Load testing tips

Over a decade plus of getting retailers ready for a smooth Black Friday I’ve collected a few tips, tricks, and stories related to keeping busy applications online during big events.

In fact there’s one simple (not easy!) trick to it: the best way to ensure your website can handle a big event is to have your website handle a big event. That may seem like a tautology, but it’s where this post starts and it’s where it ends.

Background

Why should you care what I have to say on load testing? I’ve spent a decade so far doing this for everyone from Walmart to Google and that’s left me with a bunch of fun war stories I can package up as “best practices”. Odds are some of the edge cases I’ve ran into will be something you’ll run into too and maybe if we’re lucky something here will help you avoid an outage.

How not to load test

Load testing seems simple enough, but it’s a fractal of emergent complexity. To paraphrase the old saying about backups: “customers don’t care about load tests, they care about the application working when they need it”. It’s surprisingly easy to create load tests that give results that bear no relation to the user experience. I should know because I’ve written my share of them.

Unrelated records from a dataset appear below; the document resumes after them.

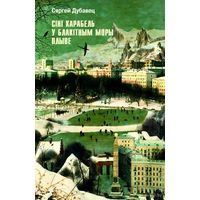 Самовывоз!!! Сіні карабель у блакітным моры плыве. Почтой не высылаю.
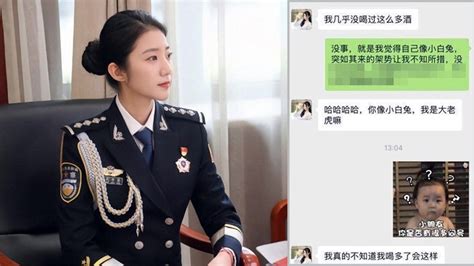 小馬拉大車外流|中國「最美警花」不雅視頻、聊天紀錄外洩引發熱搜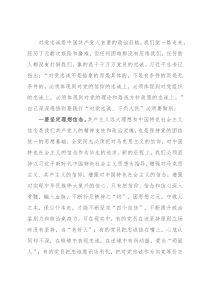 老干部主题党日活动交流发言材料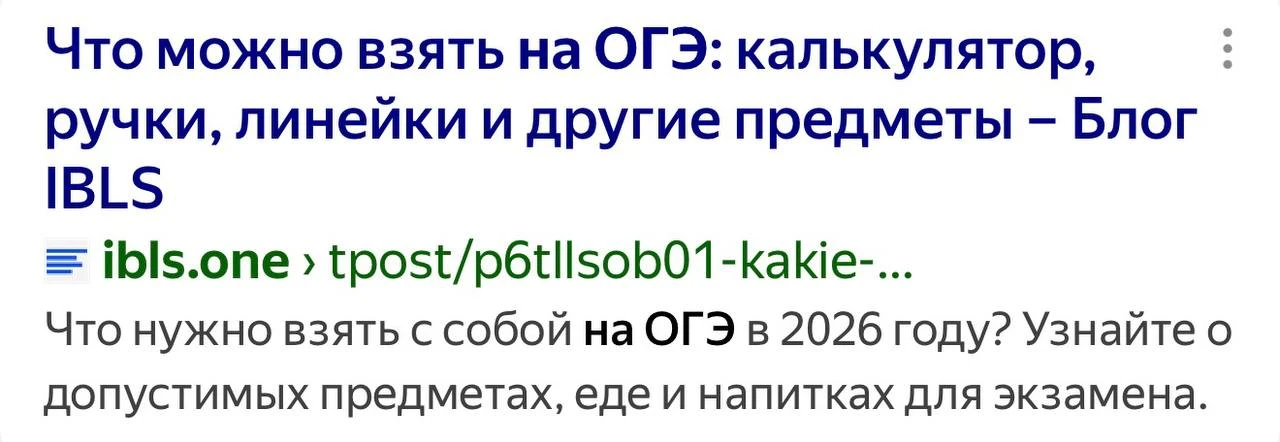 На ОГЭ по математике можно брать калькулятор?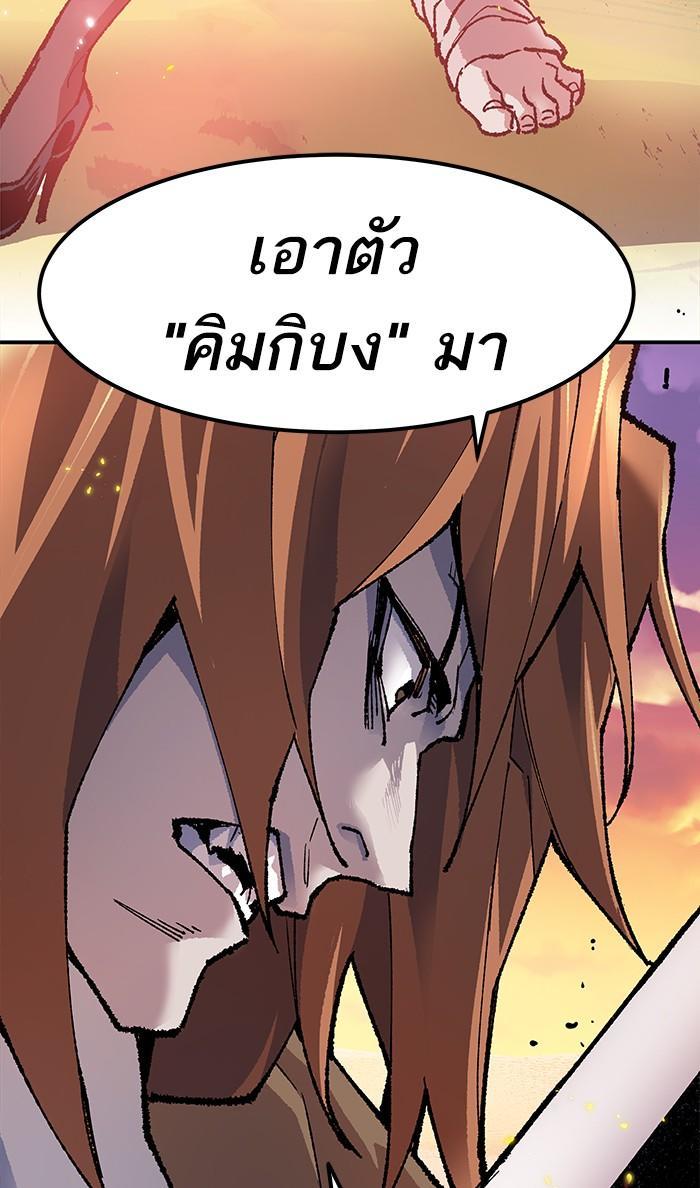 Limit Breaker ตอนที่ 9 91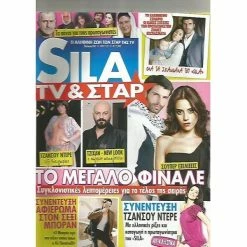 Vendora SILA-TV & STAR#1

Here’s an example of a basic load test. Despite all the flaws we’ll discuss, I often start here due to ease of use.

$ wrk -t1 -c 10 -d10 'https://example.com/'
Running 10s test @ https://example.com/
  1 threads and 10 connections
  Thread Stats   Avg      Stdev     Max   +/- Stdev
    Latency    25.00ms   13.04ms 230.48ms   92.26%
    Req/Sec   135.68     49.04   202.00     78.79%
  1341 requests in 10.00s, 644.14KB read
  Non-2xx or 3xx responses: 1341
Requests/sec:    134.08
Transfer/sec:     64.41KB

wrk is a reasonably good tool for generating HTTP request load. The above code uses one thread and 10 connections to make requests for 10 seconds. I’m going to refer to this example a couple times to show how small changes to your load testing agent can have a big impact on your results.

Caching

If your application has caching and your load test just hammers one single URL repeatedly, it’s very likely you could get artificially high cache hit rates and low latency. For an ecommerce application there’s often a very long tail of low traffic product page requests that don’t have a very high cache hit rate. It’s not unusual to have a 10x difference in performance for cached vs uncached responses. The above wrk test is a perfect example of that.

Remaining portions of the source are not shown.